┌────────

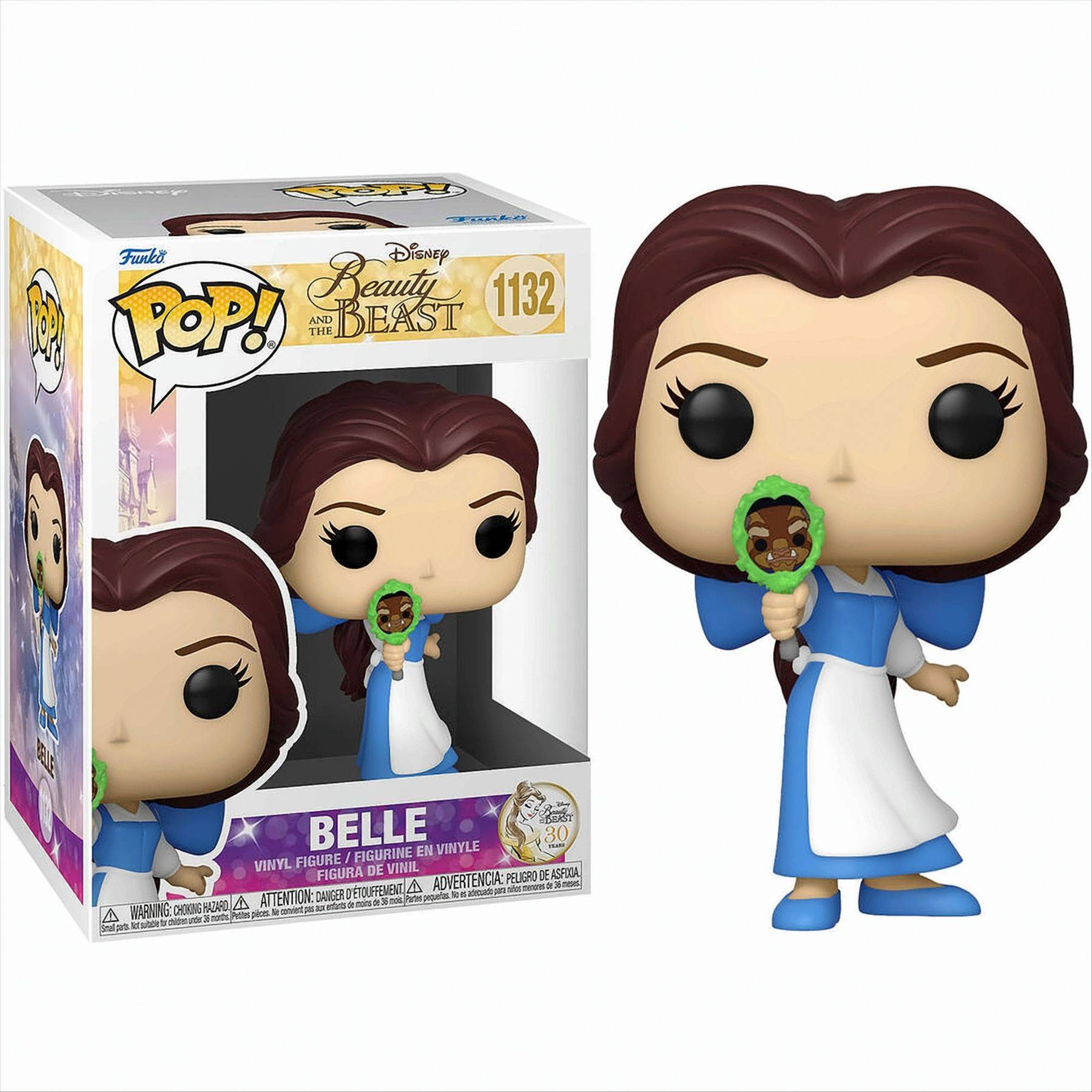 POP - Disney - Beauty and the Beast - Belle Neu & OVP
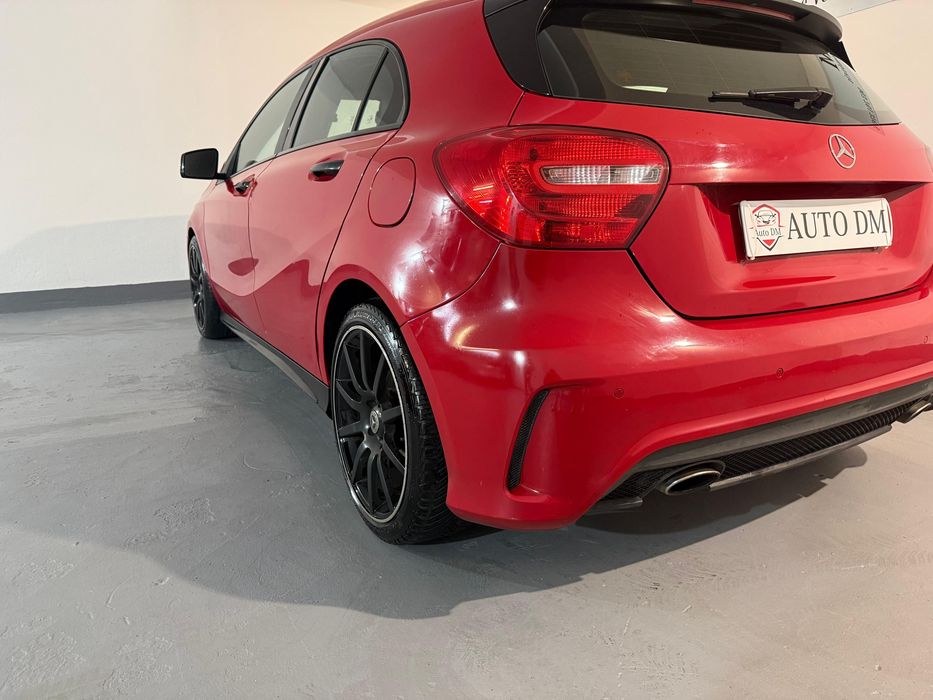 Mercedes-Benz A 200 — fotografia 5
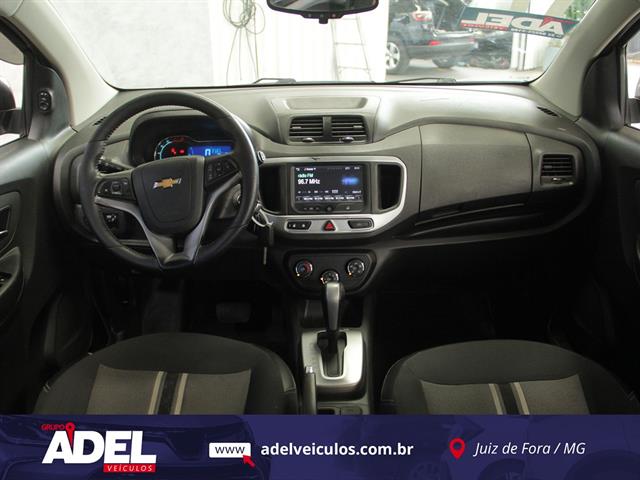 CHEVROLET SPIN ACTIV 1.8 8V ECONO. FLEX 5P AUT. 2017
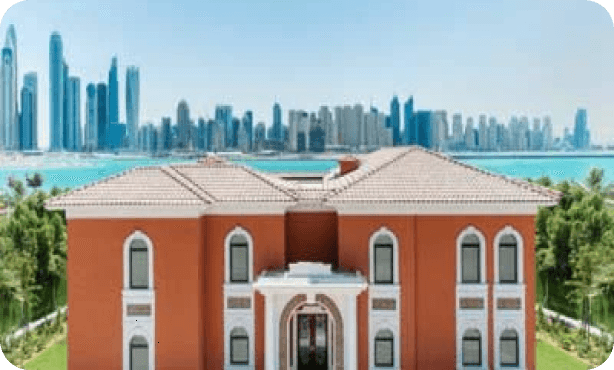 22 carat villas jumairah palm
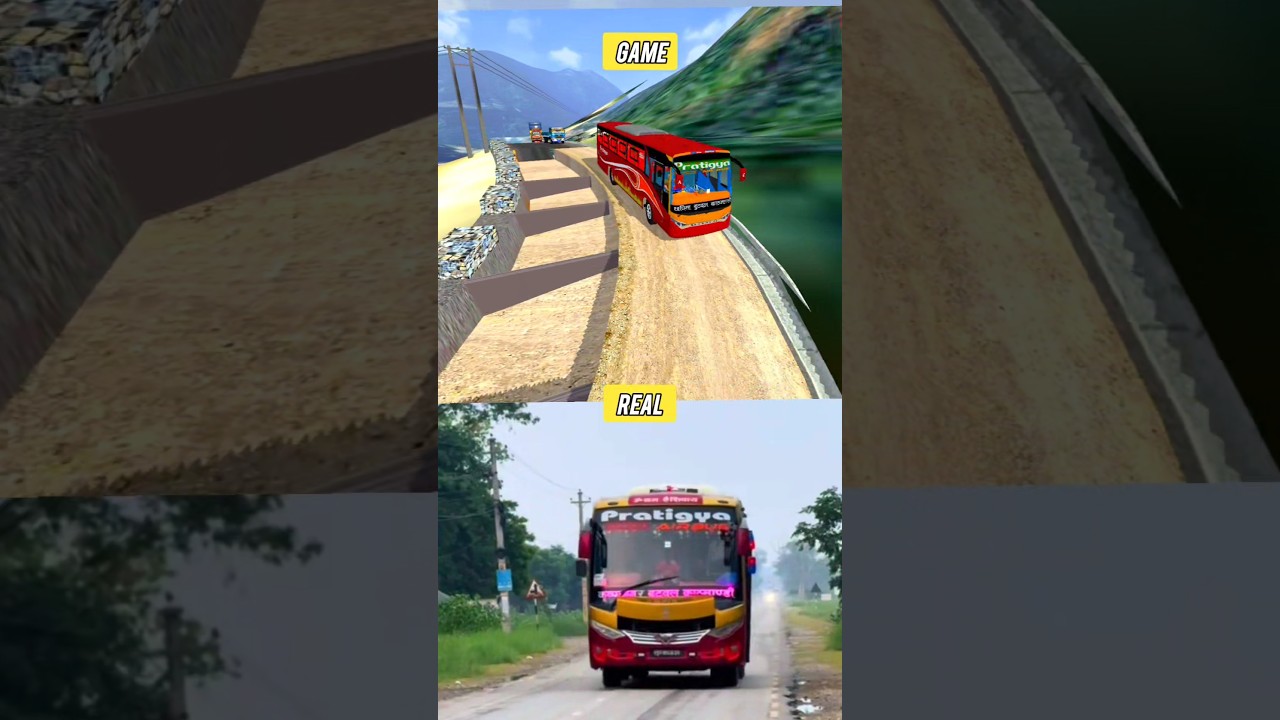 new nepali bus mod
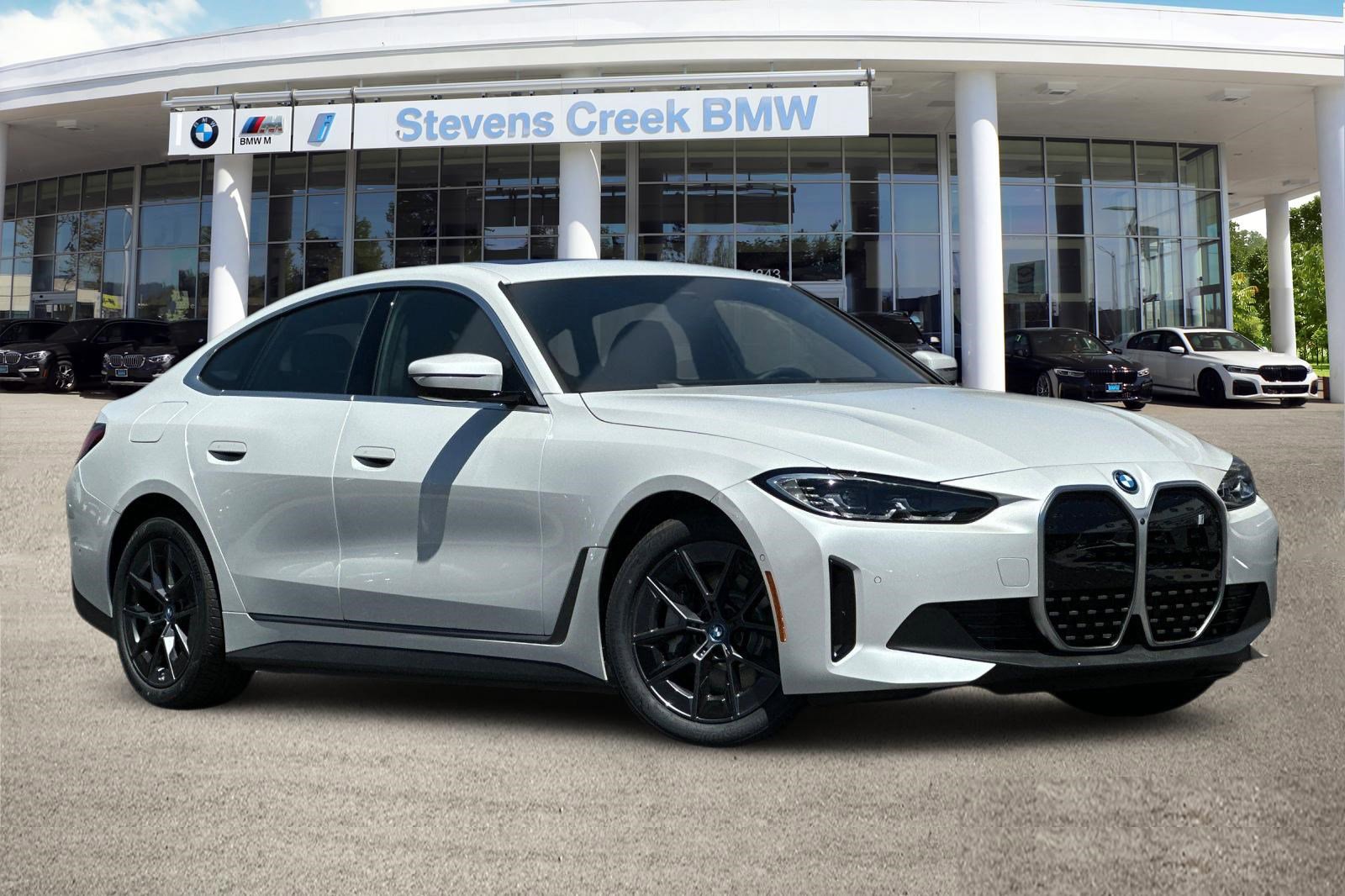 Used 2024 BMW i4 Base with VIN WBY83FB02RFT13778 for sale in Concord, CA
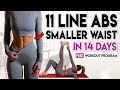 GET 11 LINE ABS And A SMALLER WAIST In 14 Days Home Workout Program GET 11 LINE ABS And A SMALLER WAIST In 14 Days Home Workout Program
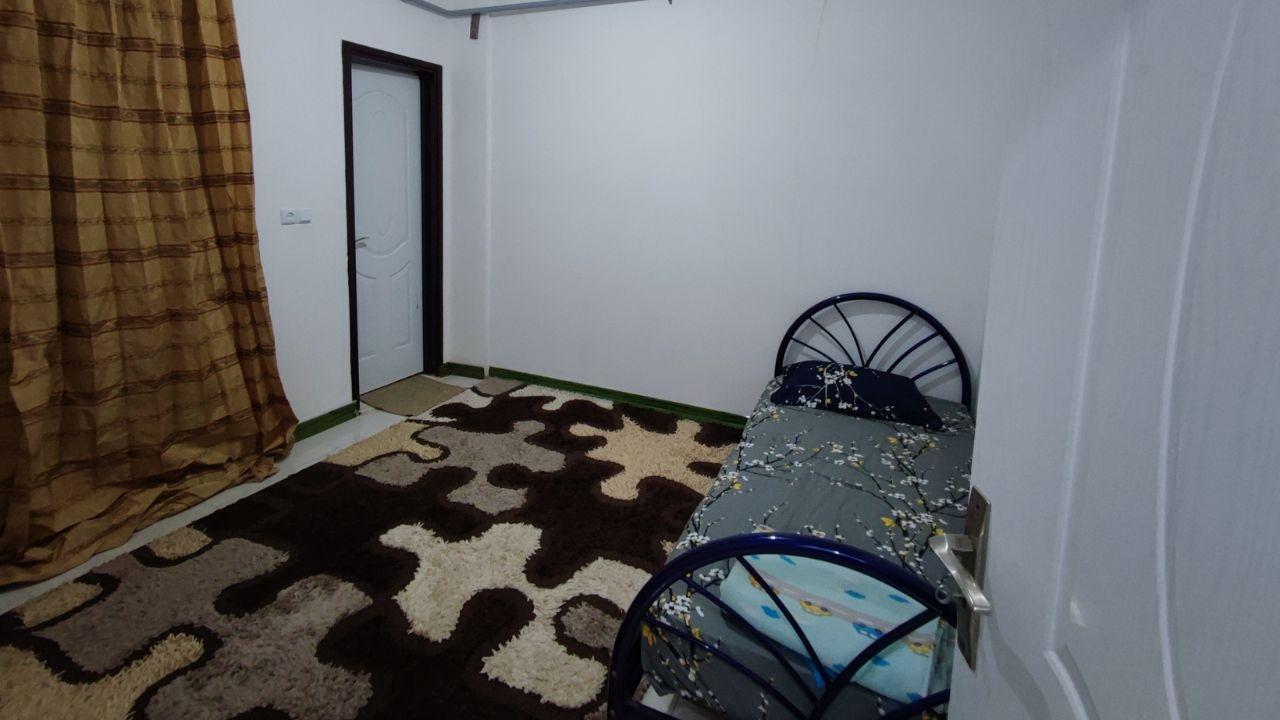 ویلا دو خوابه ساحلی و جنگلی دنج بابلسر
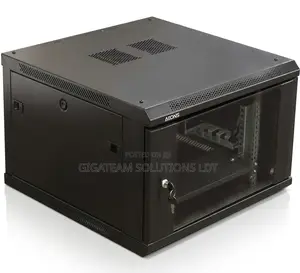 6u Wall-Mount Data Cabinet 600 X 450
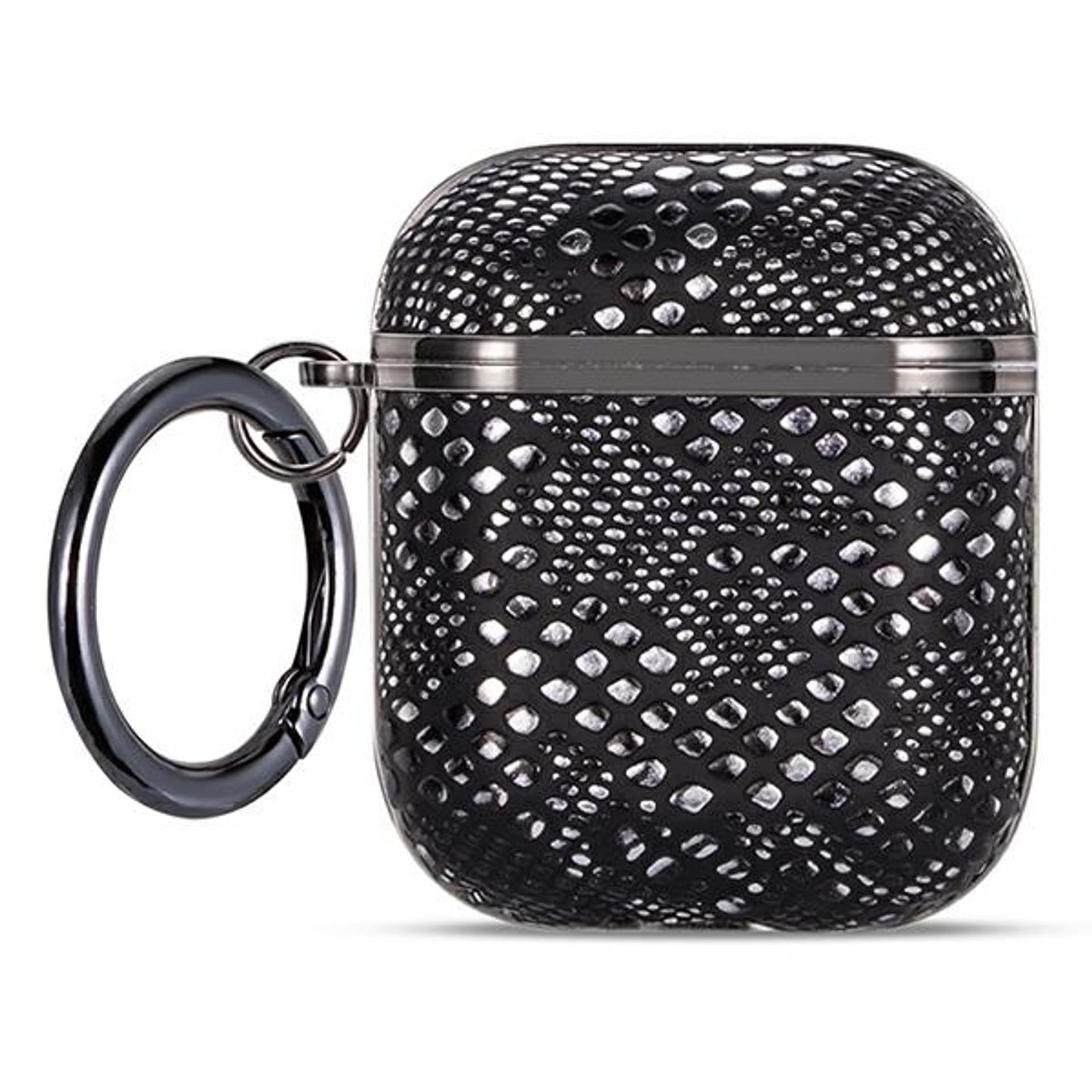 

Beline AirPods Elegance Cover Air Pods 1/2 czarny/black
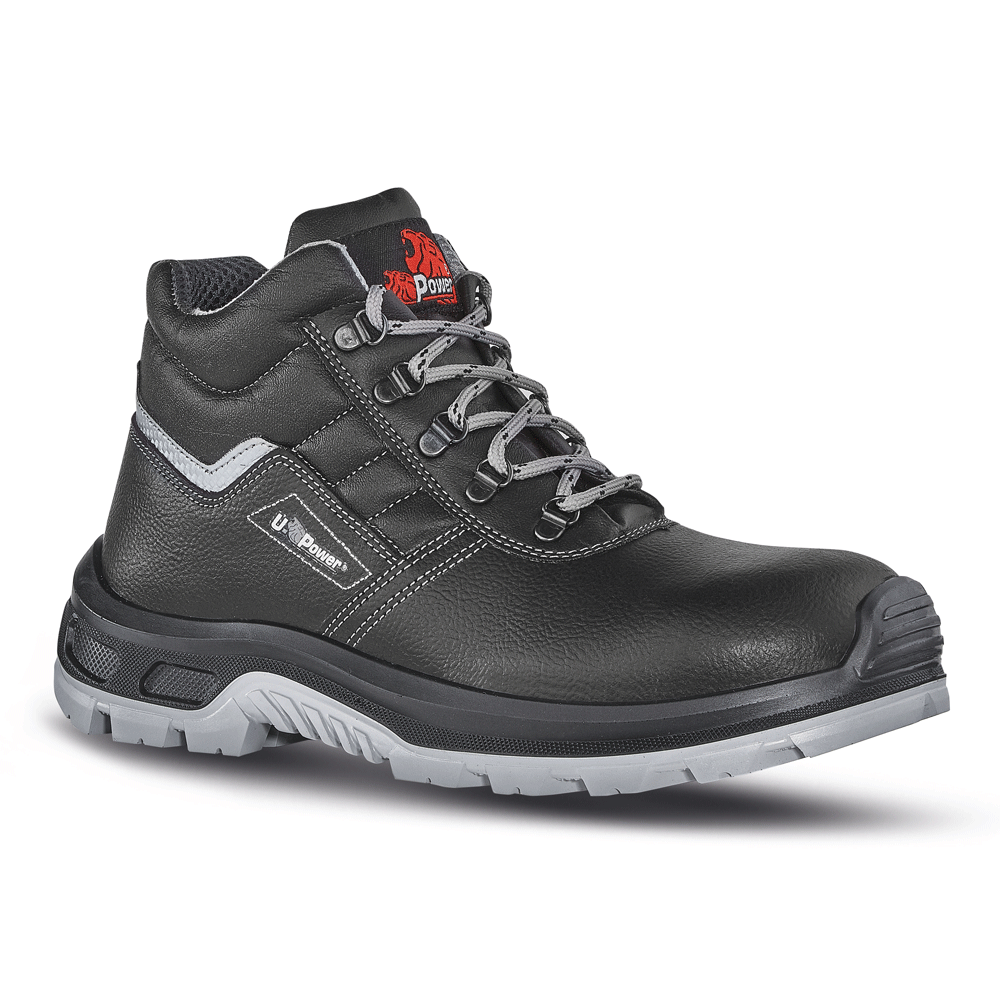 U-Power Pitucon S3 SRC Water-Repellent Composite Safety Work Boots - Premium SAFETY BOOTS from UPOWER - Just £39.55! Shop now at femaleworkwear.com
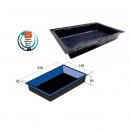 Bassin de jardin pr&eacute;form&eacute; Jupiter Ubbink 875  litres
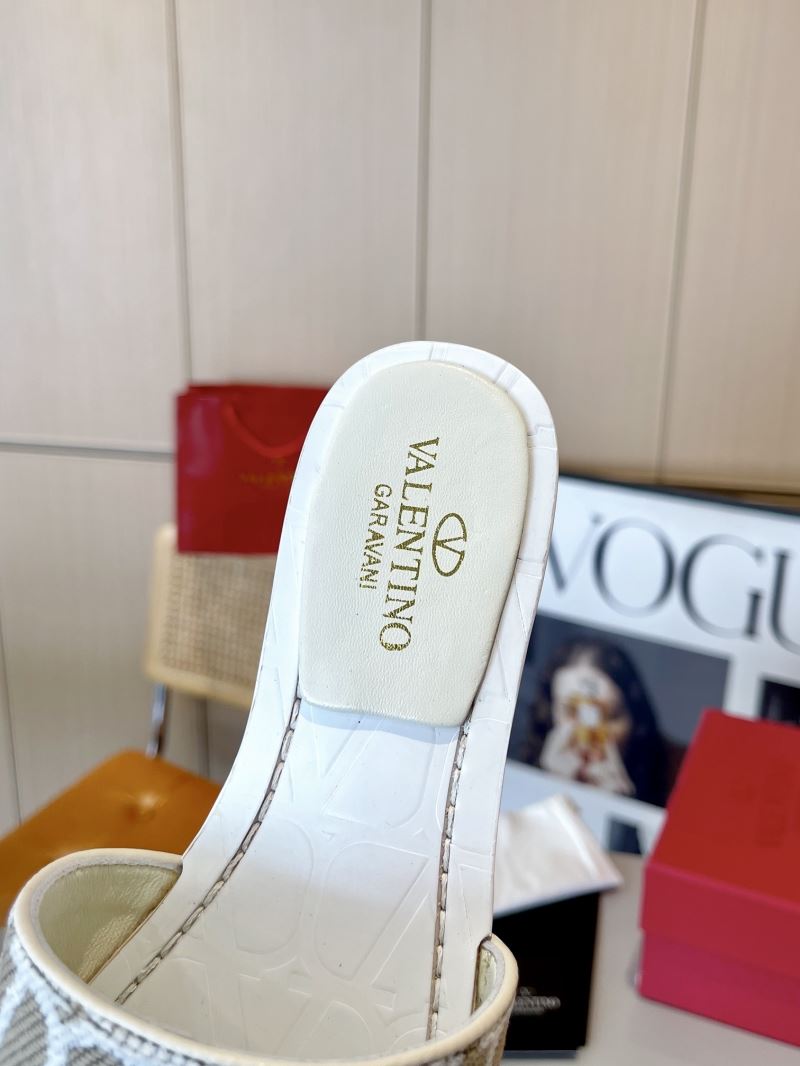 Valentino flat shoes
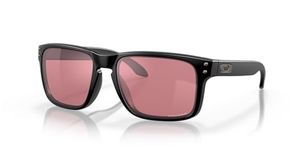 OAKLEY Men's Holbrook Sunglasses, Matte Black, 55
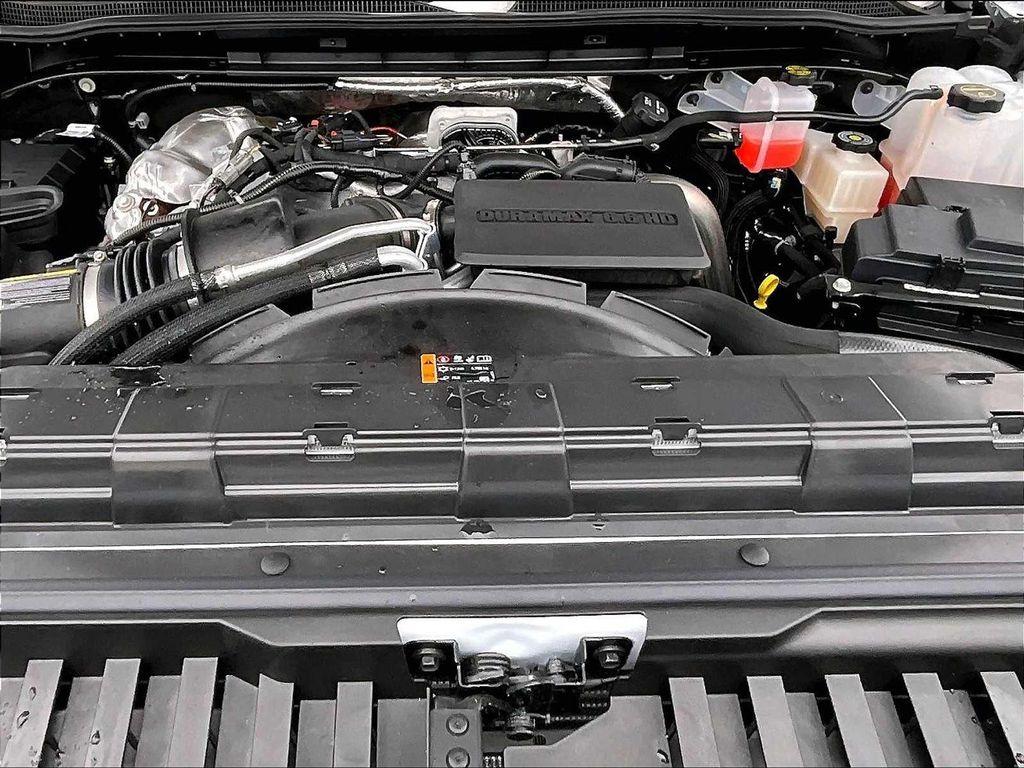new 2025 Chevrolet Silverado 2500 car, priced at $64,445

└────────

■ **EXERCISE DIRECTIONS**
Return exactly the lines of the data, beginning with the first and ending with the line containing "Used 2024 BMW". Skip the pictures.

■ **TASK SOLUTION**
 POP - Disney - Beauty and the Beast - Belle Neu & OVP
 Mercedes-Benz A 200 — fotografia 5
 CHEVROLET SPIN ACTIV 1.8 8V ECONO. FLEX 5P AUT. 2017
 22 carat villas jumairah palm
 new nepali bus mod
 Used 2024 BMW i4 Base with VIN WBY83FB02RFT13778 for sale in Concord, CA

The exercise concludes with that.